At what point on the curve \(y = \sqrt {1 + 2x} \) is the tangent line perpendicular to the line \(6x + 2y = 1\)?

Short answer

The points on the curve on which tangent line is perpendicular to given line is \(\left( {4,3} \right)\).

Step-by-step solution

Formulas

Chain Rule: \(\frac{d}{{dx}}\left( {{u^n}} \right) = n{u^{n - 1}}\frac{{du}}{{dx}}\)

When two lines are perpendicular to each other, then the relation between their slopes is given by\({m_1} \cdot {m_2} = - 1\), where \({m_1}\) and \({m_1}\) are slope of lines.

Differentiate the given curve

Differentiate \(y = \sqrt {1 + 2x} \)with respect to \(x\) by using chain rule.

\(\begin{aligned}y' &= \frac{d}{{dx}}\left( {\sqrt {1 + 2x} } \right)\\ &= \frac{d}{{dx}}{\left( {1 + 2x} \right)^{\frac{1}{2}}}\\ &= \frac{1}{2}{\left( {1 + 2x} \right)^{\frac{1}{2} - 1}} \cdot \frac{d}{{dx}}\left( {1 + 2x} \right)\\ &= \frac{1}{2}{\left( {1 + 2x} \right)^{ - \frac{1}{2}}} \cdot 2\\ &= \frac{1}{{\sqrt {1 + 2x} }}\end{aligned}\)

Find slope of the given line \(6x + 2y = 1\)

Given equation of line is\(6x + 2y = 1\).

Isolate \(y\) from the equation.

\(y = - 3x + \frac{1}{2}\)

Which is the point slope form of a line.
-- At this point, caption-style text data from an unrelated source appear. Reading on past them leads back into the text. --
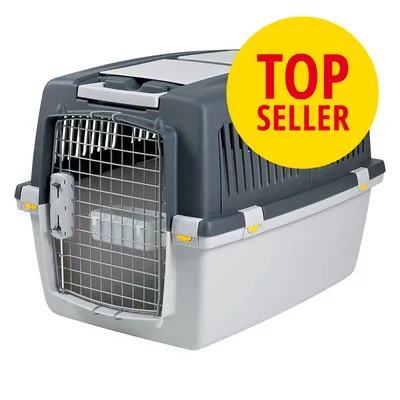 Transportkasse til kæledyr med metalgitterdør og plastikhåndtag. Rund gul cirkel med rød tekst: TOP SELLER.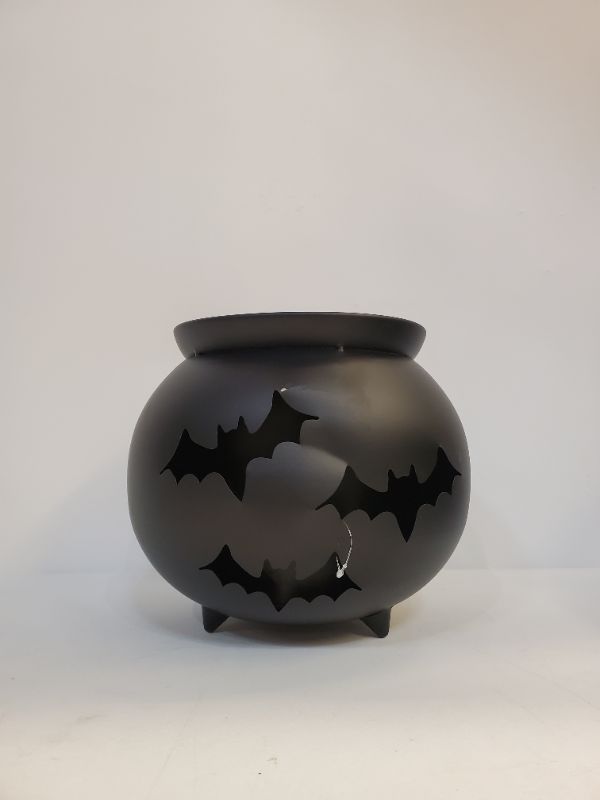 Photo 5 of Hyde & EEK! Boutique - Black Metal Cauldron Planter - 9.25 inches (H) by 10.5 inches (W) by 10.5 inches (D)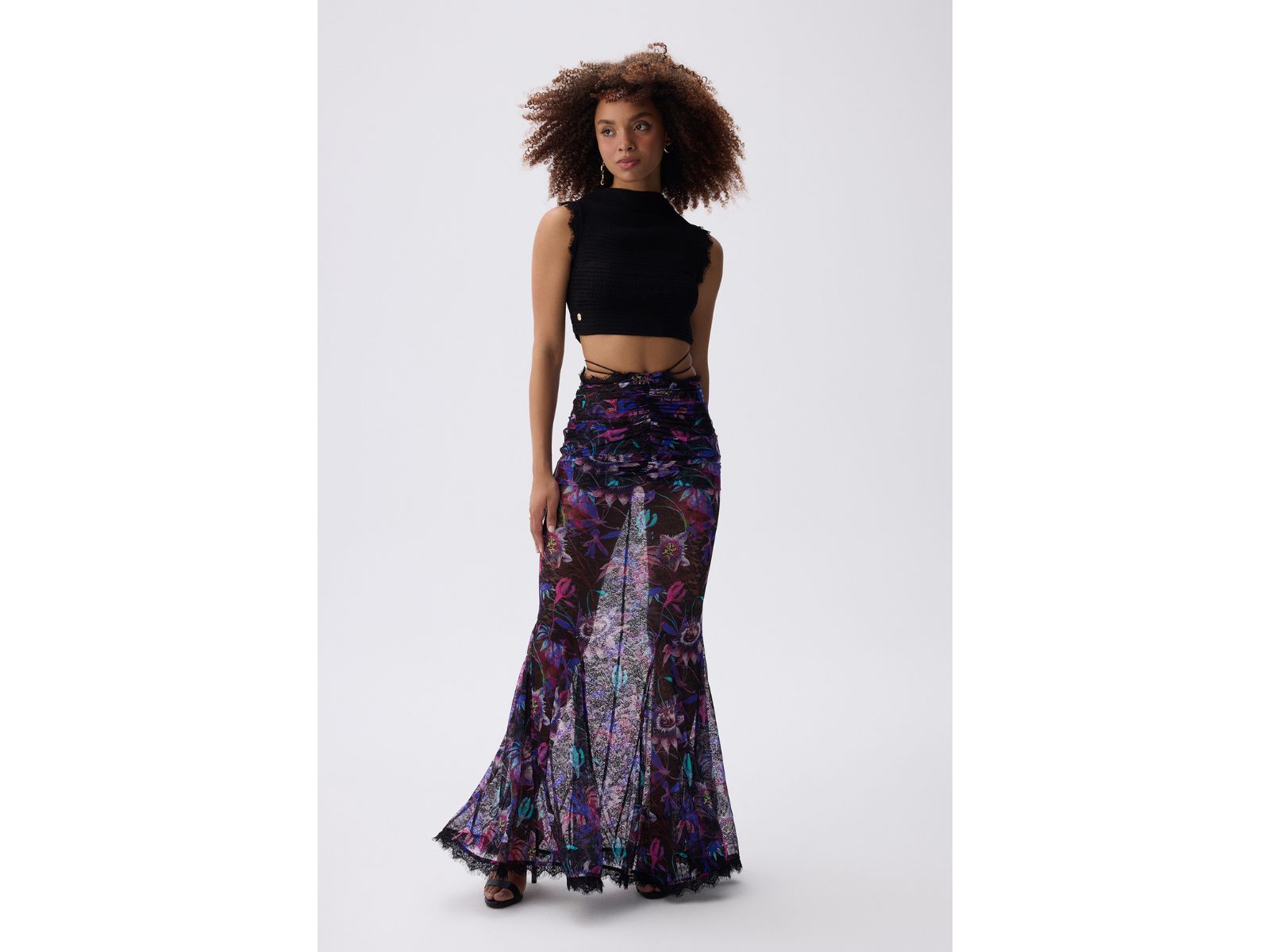 Luna B Women's Salvia Draped Floral Maxi Skirt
Where slope is \( - 3\), that is, \({m_1} = - 3\).

Slope of the tangent line perpendicular to the given line

Let slope of the perpendicular line, which is perpendicular to \(6x + 2y = 1\) be \({m_2}\).

According to the relation between two perpendicular lines, \({m_1} \cdot {m_2} = - 1\).

Then,

\(\begin{aligned} - 3 \cdot {m_2} &= - 1\\{m_2} &= \frac{{ - 1}}{{ - 3}}\\ &= \frac{1}{3}\end{aligned}\)

And the obtained slope is the slope of tangent line, so \(y' = \frac{1}{3}\).

\(\frac{1}{3} = \frac{1}{{\sqrt {1 + 2x} }}\)

Find the value of \(x\) from the obtained equation.

\(\begin{aligned}\frac{1}{3} &= \frac{1}{{\sqrt {1 + 2x} }}\\\sqrt {1 + 2x} &= 3\\1 + 2x &= 9\\2x &= 8\\x &= 4\end{aligned}\)

Find point on the given curve

Substitute \(x = 4\) into the given curve \(y = \sqrt {1 + 2x} \) and solve for \(y\).

\(\begin{aligned}y &= \sqrt {1 + 2\left( 4 \right)} \\ &= \sqrt {1 + 8} \\ &= \sqrt 9 \\ &= 3\end{aligned}\)

Hence, the point on the curve on which tangent line is perpendicular to given line is \(\left( {4,3} \right)\).